If I happen to forget to pay some of my taxes, will the IRS say, “Hey, no big deal, no penalties”?
Because they said that to Treasury Secretary nominee Tim Geithner.
Or does that courtesy only extend to you when you’re the director of the Policy Development and Review Department at the International Monetary Fund? We’ll take it easy on the big, powerful, Washington movers and shakers, but the IRS brings down the hammer on the little guy? And if they managed to find the unpaid taxes for 2003 and 2004 in a 2006 audit, how did they miss the unpaid taxes for 2001 and 2002?
Can employees of the Department of the Treasury continue working there if they fail to pay their taxes?
Isn’t that the kind of behavior we expect from, say, the Chairman of the House Ways and Means Committee?
I’m reminded of Leona Helmsley: “Only the little people pay taxes.”

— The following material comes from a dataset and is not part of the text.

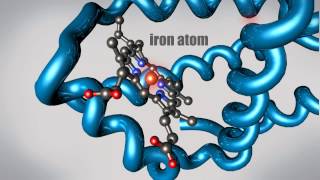 What is a Protein Learn about the 3D shape and function of macromolecules [upl. by Haroppiz]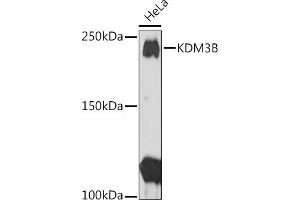 Western blot analysis of extracts of HeLa cells, using KDM3B Rabbit pAb (ABIN1680577, ABIN3015976, ABIN3015977 and ABIN6219483) at 1:1000 dilution. (KDM3B Antikörper  (AA 1059-1283))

UPDATE: A liberal reader, gushing with enthusiasm for my sterling efforts, points out that Geither’s potential penalties were likely covered by a 2006 IRS settlement with employees of U.S.-based employees of foreign embassies, consular offices and missions and international organizations.
This settles the matter of the penalties – but we’re still left with… failing to pay Social Security and Medicare taxes while at IMF for four years, while being informed by his employer that they didn’t do so; collecting a reimbursement for those taxes while at IMF; not correcting the errors made in 2001 and 2002 when he paid the back taxes for 2003 and 2004; using his child’s time at overnight camps to calculate deductions for dependent-care; taking deductions for ineligible donations to charity; failing to pay an early-withdrawal penalty for a retirement plan; and employing a housekeeper whose papers have expired.